Australia’s men’s sprint team and the women’s pursuit quartet both had record-breaking triumphs on Friday.

It came after the remarkable Paralympian Jess Gallagher and her sighted pilot Caitlin Ward kicked off the gold digging at the scene of the 2012 Olympics by earning Australia’s very first gold of the Games in the tandem blind and visually impaired sprint.

Australia’s Jessica Gallagher (right) and pilot Caitlin Ward celebrate gold.
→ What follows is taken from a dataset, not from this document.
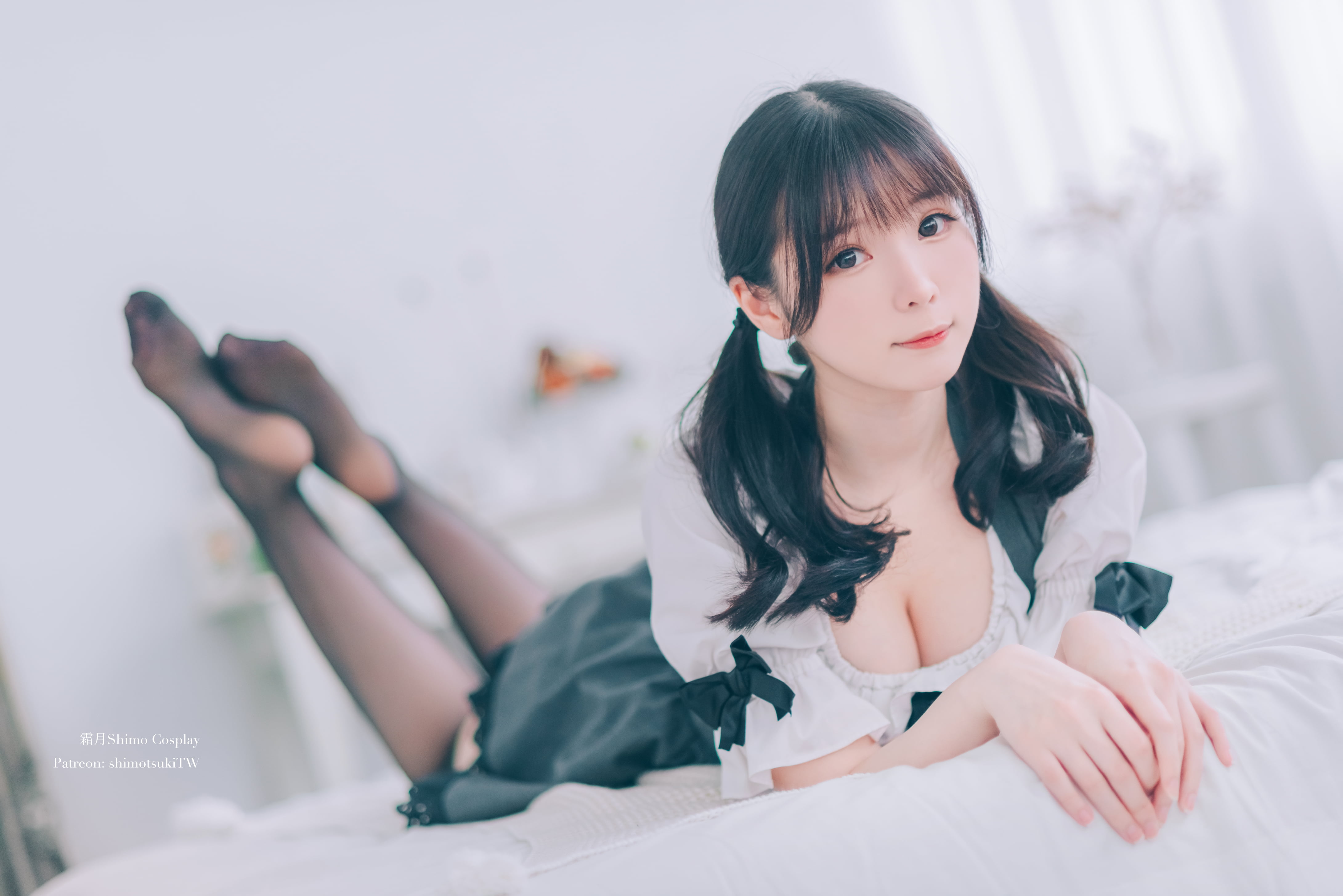 Shimo Cosplay, women, model, Asian, twintails, dress, stockings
Photo: AAP

Still, though, amid the flag-waving, there was a sense of frustration about the end of an era as Australia’s flagship men’s pursuit foursome failed to make the final at the Games for the first time ever.

They had to settle for a bronze, after winning the race for third against Wales, but a four-medal start at least ensured Australia were in pole position to dominate the track programme as they have in the last seven editions.

Gallagher and Ward beat Scotland two heats to nil to take out the tandem B sprint event, and a few minutes later the pursuiters broke the Games record they had set earlier on Friday in qualifying.

Gallagher was already the only Australian to win a medal at the summer and winter Paralympics.

Then Georgia Baker, Sophie Edwards, Chloe Moran and Maeve Plouffe blitzed their final, clocking four minutes 12.234 seconds to easily beat New Zealand by 5.750 seconds.

The New Zealanders had to start four riders, but one of them pulled out early so she could ride later on Friday in the team sprint finals.

That meant the Australians were never going to lose the final, but they went under their 4:14.605 qualifying ride.

The evergreen Matt Glaetzer then picked up his fourth Commonwealth gold, bringing home the men’s sprint title with a hammering of England’s trio after dazzling work from Leigh Hoffman and Matt Richardson.

The trio set a new Commonwealth Games record of 42.042 seconds, after also setting a new mark in the qualifying ride.

But the men’s team pursuit failed to reach the gold medal ride for the first time at a Commonwealth Games.

Australia had won gold or silver since the team pursuit was added to the Games program in 1974 and four years ago the squad broke the world record in Brisbane.

Luke Plapp is the only member of the bronze-medal winning combination from the Tokyo Olympics.

The new-look quartet of Plapp, Josh Duffy, Conor Leahy and James Moriarty qualified third-quickest on Friday morning behind fastest qualifiers New Zealand and England.

Australia posted three minutes 51.274 seconds – 1.453 seconds behind NZ.

There was bittersweet consolation for Australia when they easily beat Wales in the bronze-medal ride.

Graham Frislie replaced Moriarty and while Australia’s time of 3:50.403 bettered their qualifying time, it also would have been good enough to qualify them in the gold medal ride.

New Zealand broke the Games record they set in qualifying, clocking 3:47.575 to beat England for the gold medal.

James Wootton and pilot Luke Zaccaria posted the fastest time in the men’s tandem 1km time trial, but the next three teams put them out of the medals.

Scottish great Neil Fachie won his fifth Games gold medal, combining with pilot Stewart Lewis, with Wales second and England third.